= Exercise brief =
All of the data should be repeated exactly; pictures are not part of the copy.

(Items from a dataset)
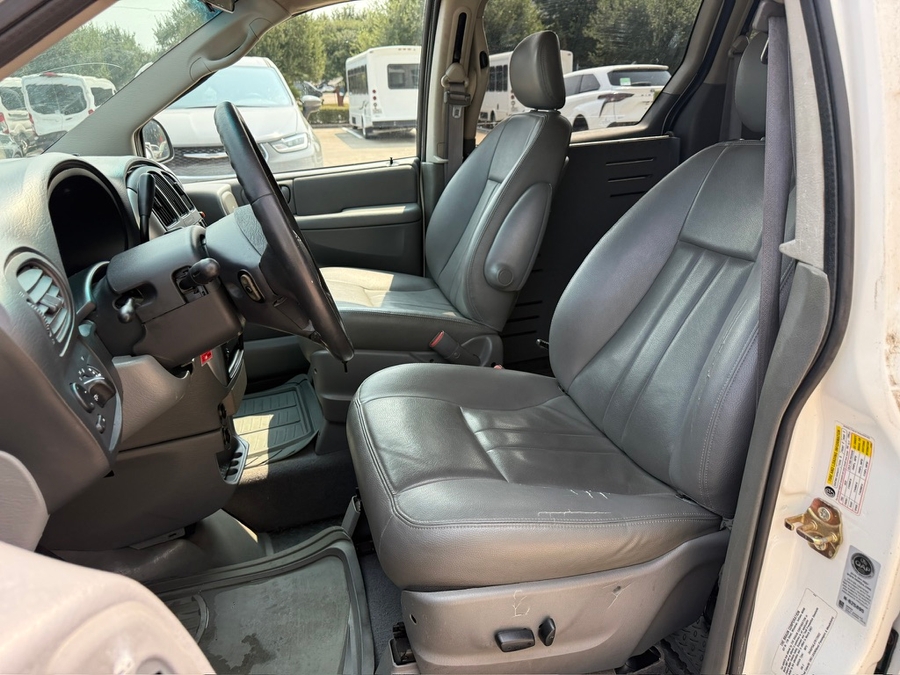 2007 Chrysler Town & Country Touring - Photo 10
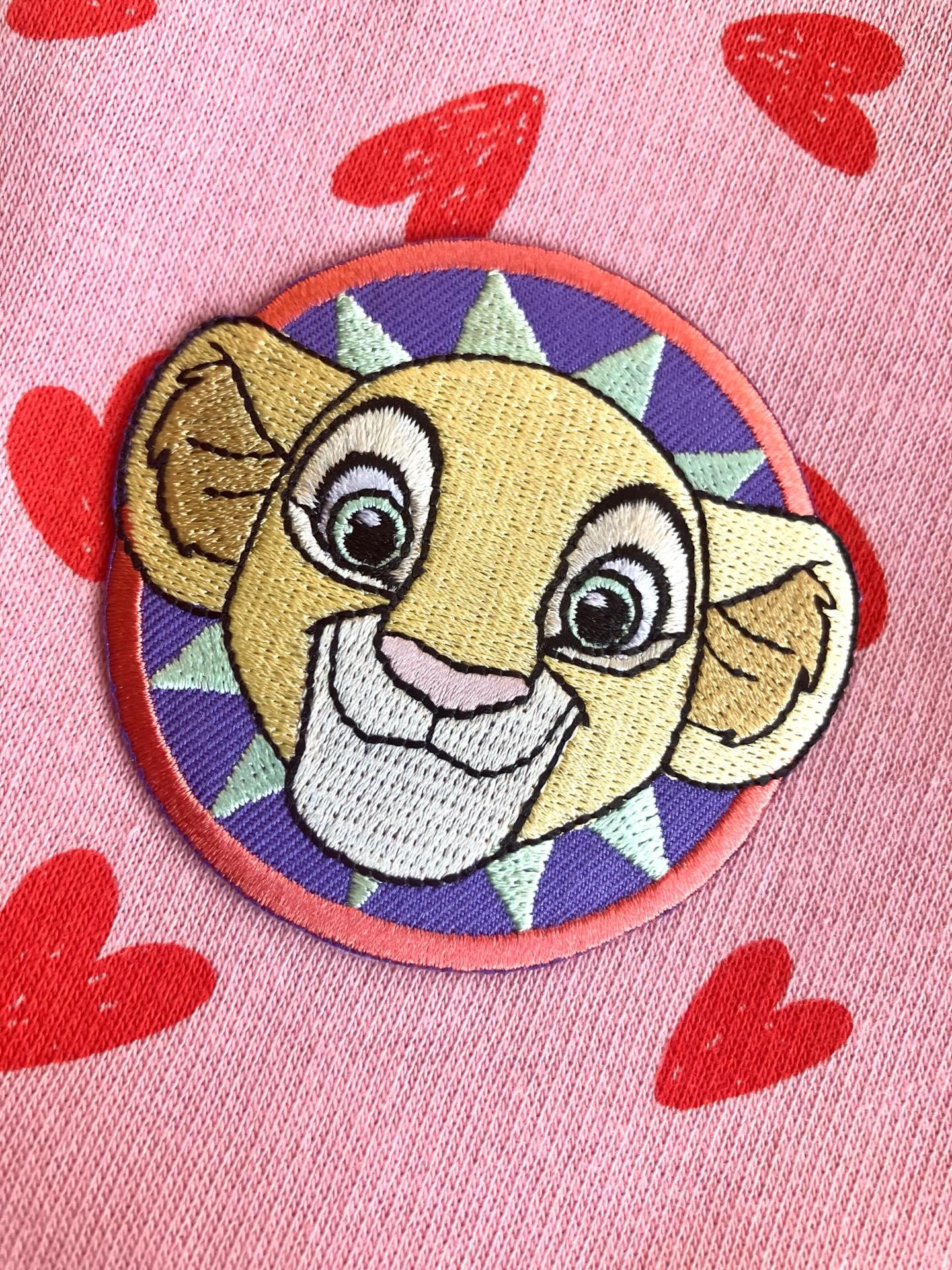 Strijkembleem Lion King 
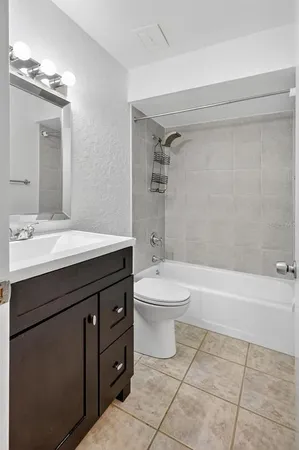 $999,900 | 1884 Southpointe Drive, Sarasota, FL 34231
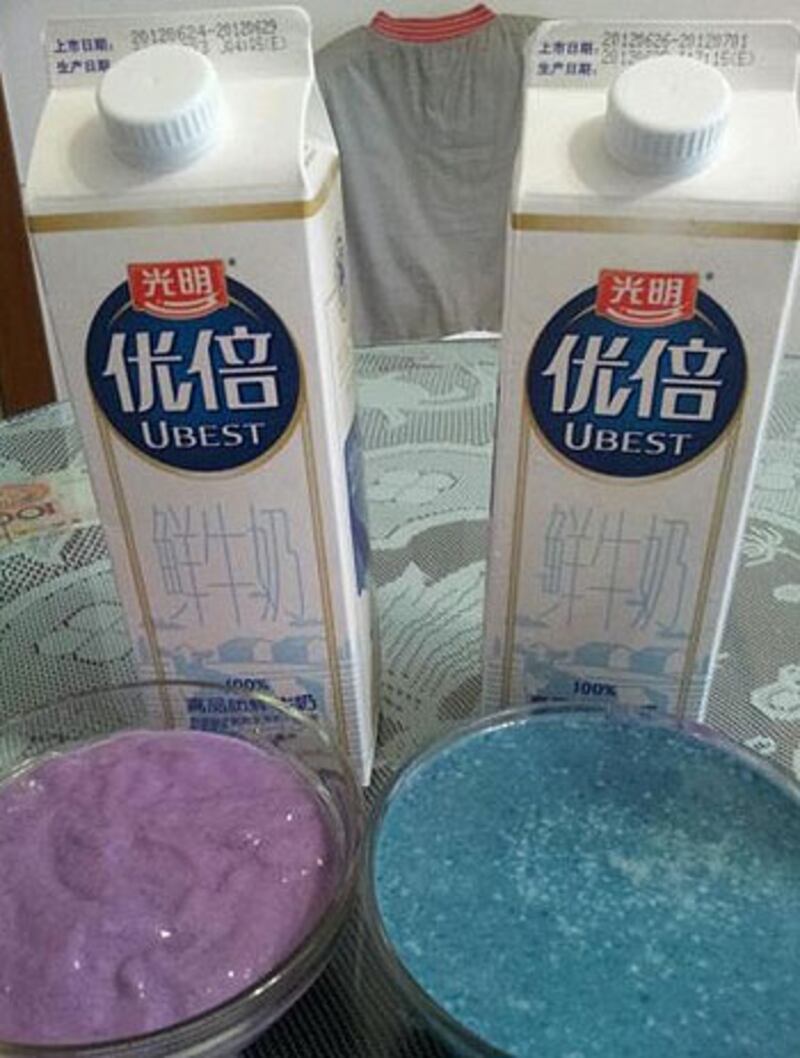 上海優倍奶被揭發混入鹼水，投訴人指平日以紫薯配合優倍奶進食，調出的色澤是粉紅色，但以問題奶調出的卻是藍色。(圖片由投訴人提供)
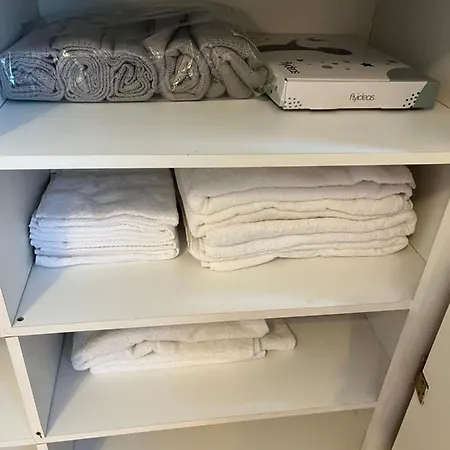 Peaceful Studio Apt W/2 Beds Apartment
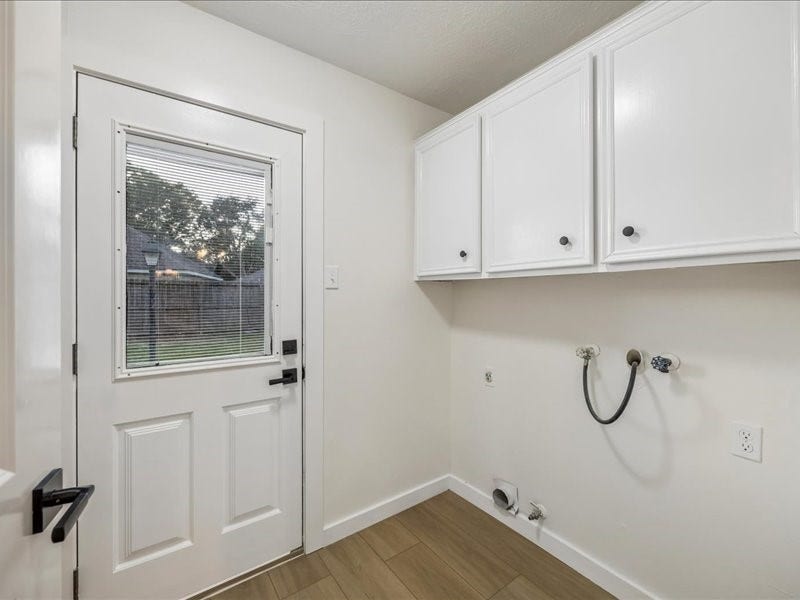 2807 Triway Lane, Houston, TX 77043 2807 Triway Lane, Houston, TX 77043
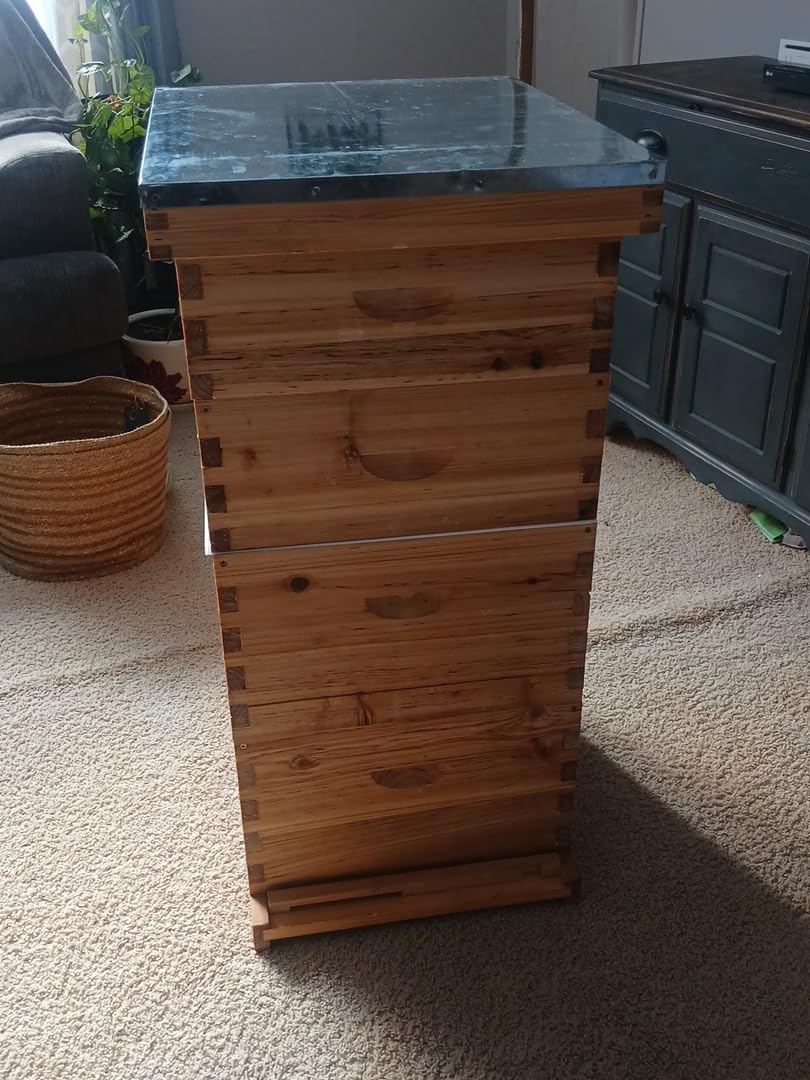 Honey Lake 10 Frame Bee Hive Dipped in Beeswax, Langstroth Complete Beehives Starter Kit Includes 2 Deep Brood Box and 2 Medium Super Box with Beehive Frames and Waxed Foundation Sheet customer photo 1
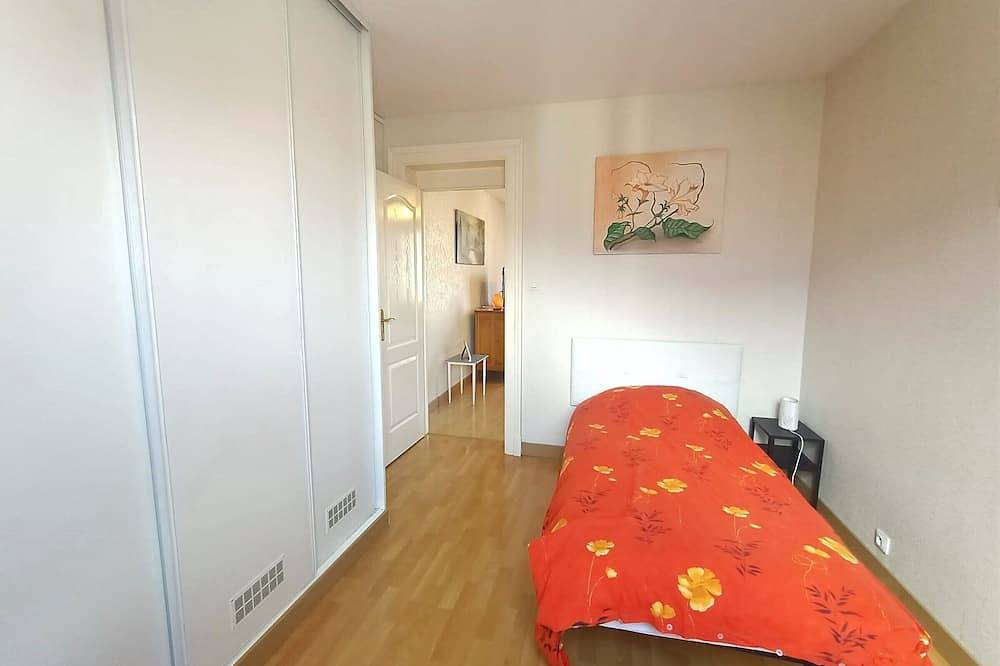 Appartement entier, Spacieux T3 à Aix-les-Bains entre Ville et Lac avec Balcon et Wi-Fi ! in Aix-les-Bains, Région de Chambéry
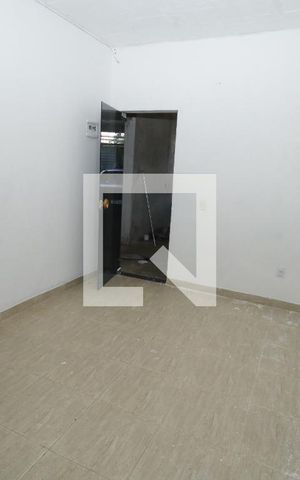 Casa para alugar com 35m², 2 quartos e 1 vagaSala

= Exercise result =
 2007 Chrysler Town & Country Touring - Photo 10
 Strijkembleem Lion King 
 $999,900 | 1884 Southpointe Drive, Sarasota, FL 34231
 上海優倍奶被揭發混入鹼水，投訴人指平日以紫薯配合優倍奶進食，調出的色澤是粉紅色，但以問題奶調出的卻是藍色。(圖片由投訴人提供)
 Peaceful Studio Apt W/2 Beds Apartment
 2807 Triway Lane, Houston, TX 77043 2807 Triway Lane, Houston, TX 77043
 Honey Lake 10 Frame Bee Hive Dipped in Beeswax, Langstroth Complete Beehives Starter Kit Includes 2 Deep Brood Box and 2 Medium Super Box with Beehive Frames and Waxed Foundation Sheet customer photo 1
 Appartement entier, Spacieux T3 à Aix-les-Bains entre Ville et Lac avec Balcon et Wi-Fi ! in Aix-les-Bains, Région de Chambéry
 Casa para alugar com 35m², 2 quartos e 1 vagaSala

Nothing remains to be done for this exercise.